### THE PROBLEM:
In the entries below, begin at the line that has "Hello everybody, this" and stop after the line that has "This is the"; output those lines exactly, leaving out pictures.

### EXERCISE INPUT:
==========
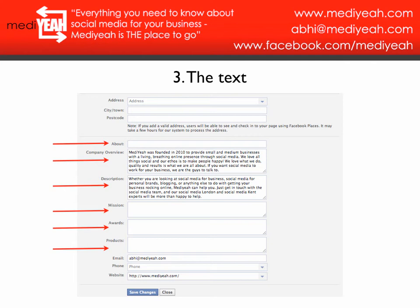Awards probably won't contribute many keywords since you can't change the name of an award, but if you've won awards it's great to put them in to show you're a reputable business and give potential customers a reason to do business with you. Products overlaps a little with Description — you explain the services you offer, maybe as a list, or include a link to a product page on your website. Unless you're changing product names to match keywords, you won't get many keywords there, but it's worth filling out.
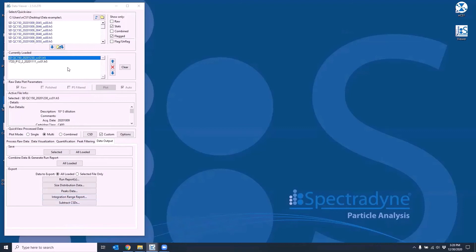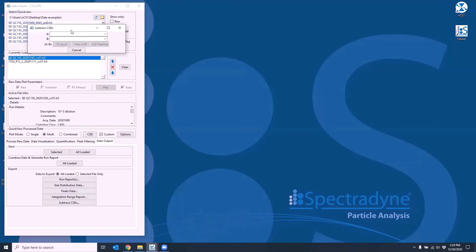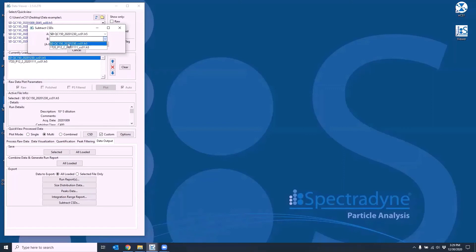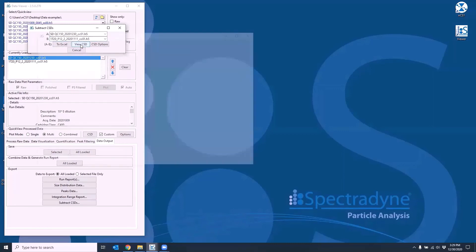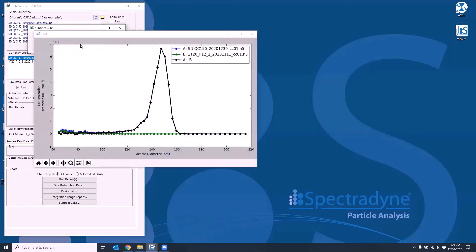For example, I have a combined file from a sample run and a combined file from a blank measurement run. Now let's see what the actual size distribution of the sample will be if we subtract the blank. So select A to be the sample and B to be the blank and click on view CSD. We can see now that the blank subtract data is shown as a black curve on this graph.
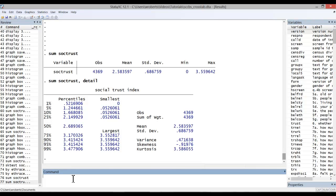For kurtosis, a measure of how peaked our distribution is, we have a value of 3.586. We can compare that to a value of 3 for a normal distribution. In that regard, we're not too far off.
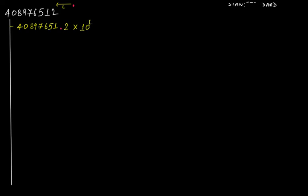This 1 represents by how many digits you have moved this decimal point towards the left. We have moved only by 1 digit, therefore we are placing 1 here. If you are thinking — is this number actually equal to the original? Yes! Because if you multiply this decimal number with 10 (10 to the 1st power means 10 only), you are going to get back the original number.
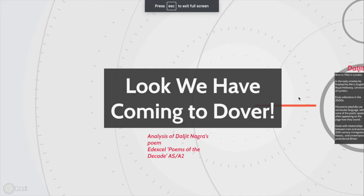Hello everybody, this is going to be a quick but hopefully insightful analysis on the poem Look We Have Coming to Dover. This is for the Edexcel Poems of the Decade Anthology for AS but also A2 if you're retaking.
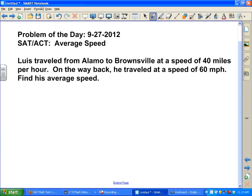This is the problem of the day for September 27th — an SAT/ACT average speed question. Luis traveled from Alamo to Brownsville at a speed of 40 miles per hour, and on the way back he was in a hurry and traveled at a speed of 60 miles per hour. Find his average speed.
==========
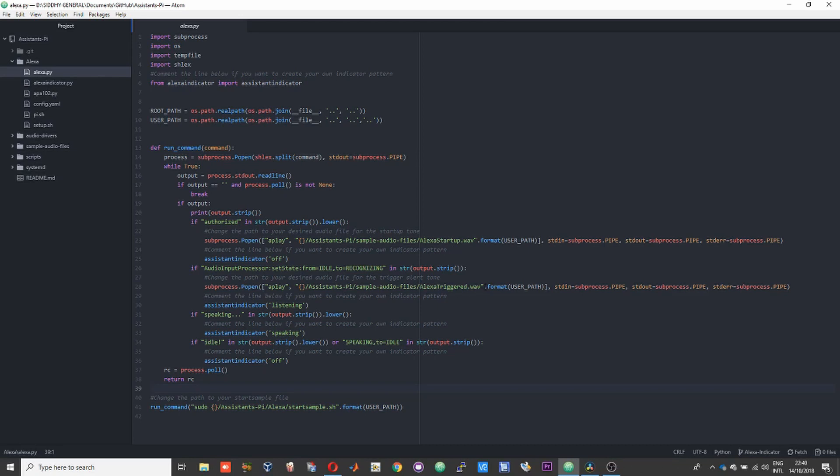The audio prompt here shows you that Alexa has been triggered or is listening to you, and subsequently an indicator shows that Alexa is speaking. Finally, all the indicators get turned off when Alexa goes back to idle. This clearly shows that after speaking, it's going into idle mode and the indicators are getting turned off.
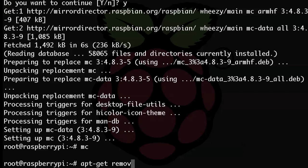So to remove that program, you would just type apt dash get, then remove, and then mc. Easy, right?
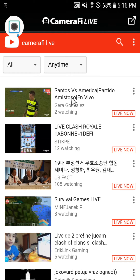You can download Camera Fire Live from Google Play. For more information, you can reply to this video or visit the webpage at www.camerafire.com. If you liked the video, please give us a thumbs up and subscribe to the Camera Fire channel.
==========
### REPLY TO THE TASK:
Hello everybody, this is going to be a quick but hopefully insightful analysis on the poem Look We Have Coming to Dover. This is for the Edexcel Poems of the Decade Anthology for AS but also A2 if you're retaking.
This is the problem of the day for September 27th — an SAT/ACT average speed question. Luis traveled from Alamo to Brownsville at a speed of 40 miles per hour, and on the way back he was in a hurry and traveled at a speed of 60 miles per hour. Find his average speed.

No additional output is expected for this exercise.